In a recent study conducted by AdGear, Canadian advertising professionals were surveyed about their thoughts of managing media internal or with the help of media agencies. Notably, 82% of the ad professionals managed media buying in-house. This is because 66% saw better flexibility and control and 51% saw increased cost effectiveness from managing their ad spend internally.  The survey also asked about the benefits of building in-house expertise and better control over your own data.

This year, over 85% of retailers in North America say unified commerce, or the connecting of software that manages sales and fulfillment across multiple channels, is their top priority. The customer lifecycle is known for being a combination of a multitude of different platforms to get the customer from start to purchase. Unified commerce aims to tie together the customer experience together into one seamless journey, available on whatever device they find themselves, whenever they want to shop.

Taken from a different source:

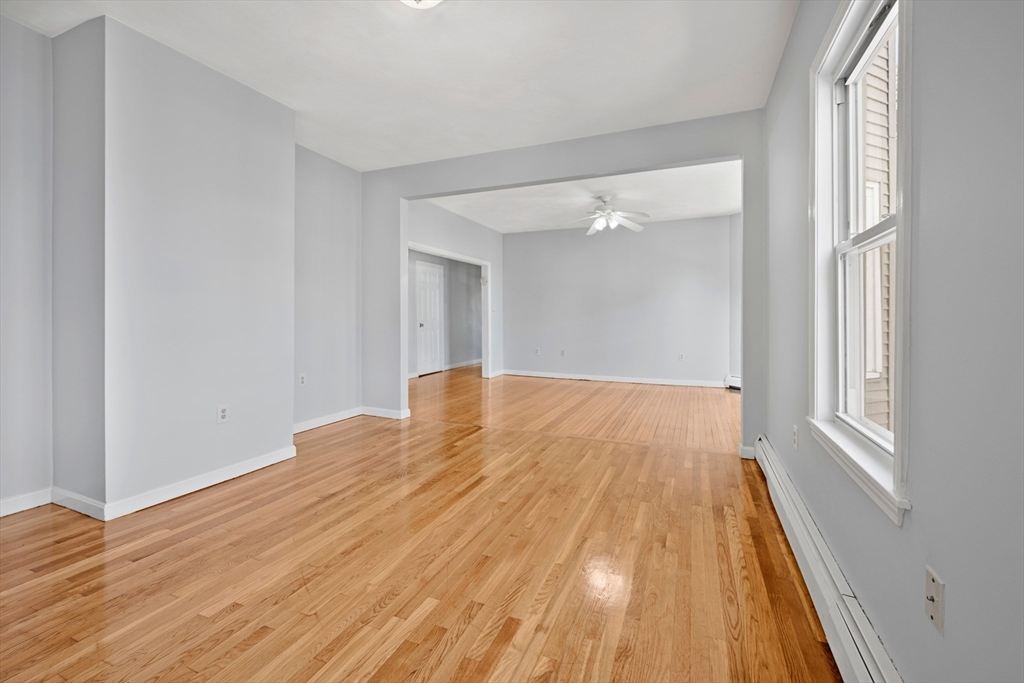 61 Shurtleff Street, Unit 4 Chelsea, MA 02150 - Photo 13 of 32 a view of an empty room with wooden floor and a window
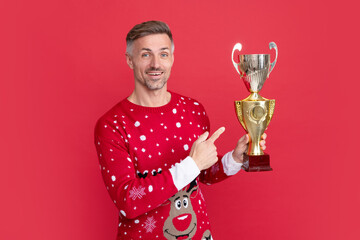 amazed xmas guy celebrating success on red background. happy new year.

In its recent Q4 earnings release, LinkedIn announced once again a lift in ad revenue, both in the U.S. and globally. LinkedIn’s native advertising product, Sponsored Updates, has grown to half (52%) of the platforms total advertising business. This makes sense given 80% of sponsored updates are mobile and 57% of all LinkedIn traffic is on mobile. eMarketer estimated that LinkedIn had the fastest US mobile ad revenue growth rate of any company in 2015, at 170%.